Second, we asked for some expert help from Colin at Raised Eyebrow Studios in Vancouver, who wrote some nifty code to parse the XML produced by OGDI's data service, and bring it in a nicely-formatted JQuery table right into Drupal. The code was packaged up into an OGDI Field Module, which adds a CCK field to any content type, and accepts a valid URL to a OGDI dataset as input, and outputs a slick, themed scrollable, filterable, sortable, searchable table and a map displaying that data.

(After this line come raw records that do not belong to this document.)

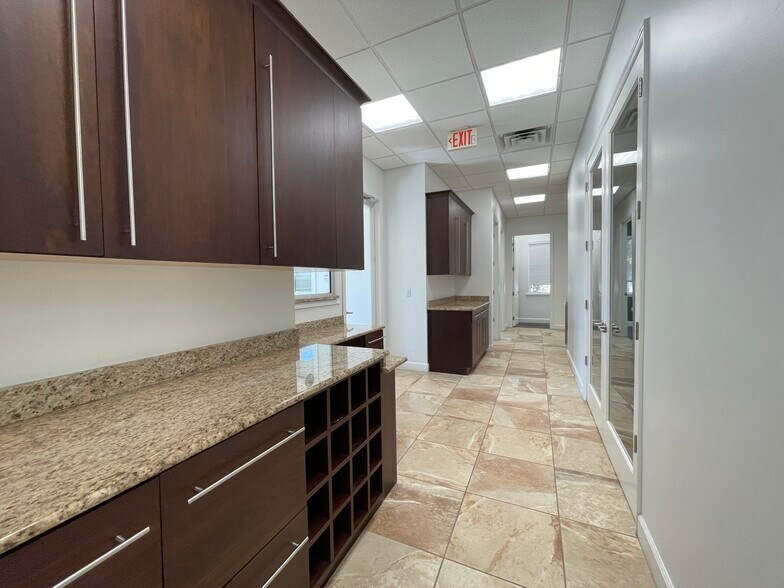 More Photos Of 1701 NW 80th Blvd, Gainesville Office For Sale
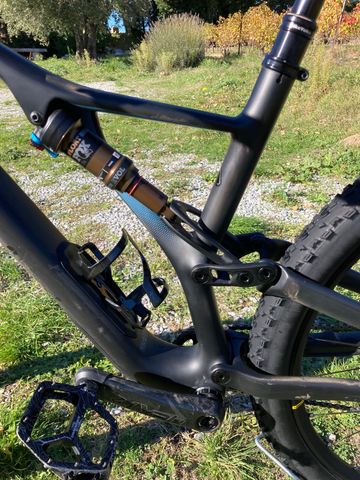 Używany Specialized Stumpjumper Shimano XTR 2019 Mountainbike — zdjęcie 6 z 13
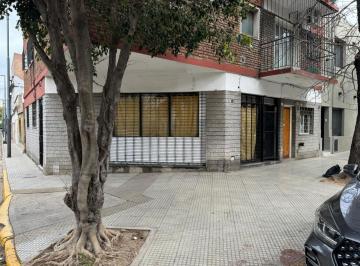 Local comercial · 22m² · Local en Esquina Excelente Ubicacion en Boedo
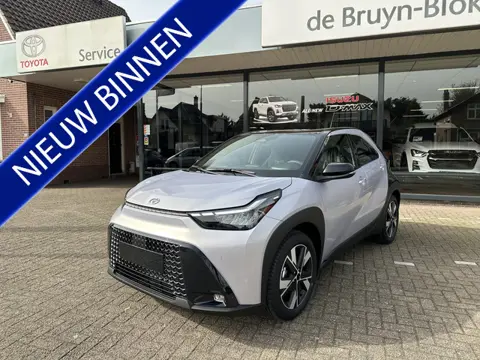 Toyota Aygo X Hybrid 115 pulse stoelverwarming / keyless start / parkeersensoren voor + achter / Nav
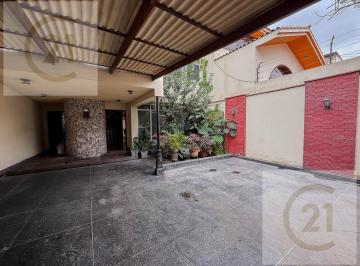 Casa · 230m² · 7 Dormitorios · 3 Estacionamientos · Se Vende Casa en Santiago de Surco Cerca a Ovalo Higuereta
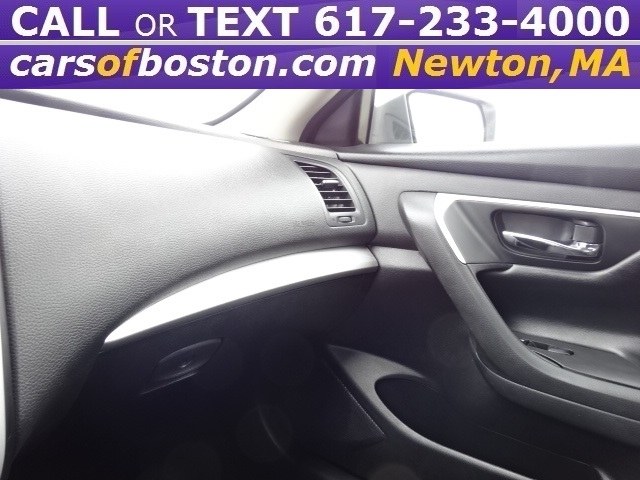 2016 Nissan Altima 4dr Sdn I4 2.5 S, available for sale in Newton, Massachusetts | Cars of Boston. Newton, Massachusetts 2016 Nissan Altima 4dr Sdn I4 2.5 S, available for sale in Newton, Massachusetts | Cars of Boston. Newton, Massachusetts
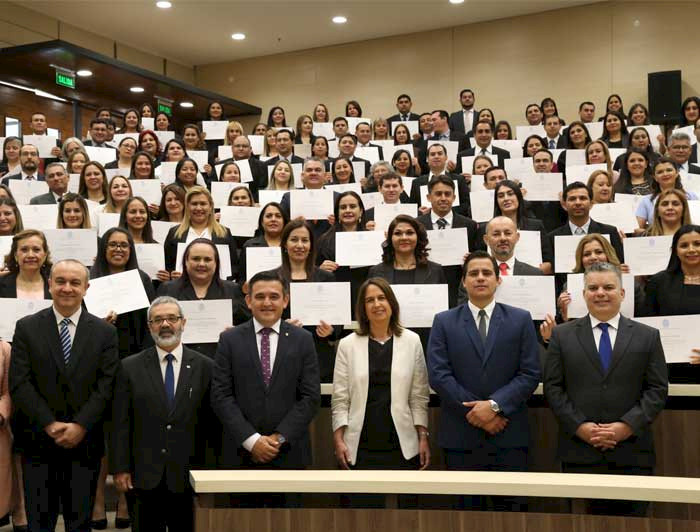 imagen correspondiente a la noticia: "UC acompañará en reforma educacional al gobierno de Paraguay"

The end-result is having a method of displaying data stored in OGDI instances on Drupal-powered websites. In the case of DataDOTgc.ca we could now enable loading the data using OGDI Data Loader to store a data set, like this one, and have it into appear in DataDOTgc here: https://www.datadotgc.ca/dataset/emitter_facility_data  The nice thing is that we can also integrate any other OGDI-based dataset, like the one forEdmonton Historical Buildingsjust as easily into DataDOTgc just like this.

This project is just another demonstration of the power of mixed environments, Azure cloud & integrating open source and Microsoft solutions.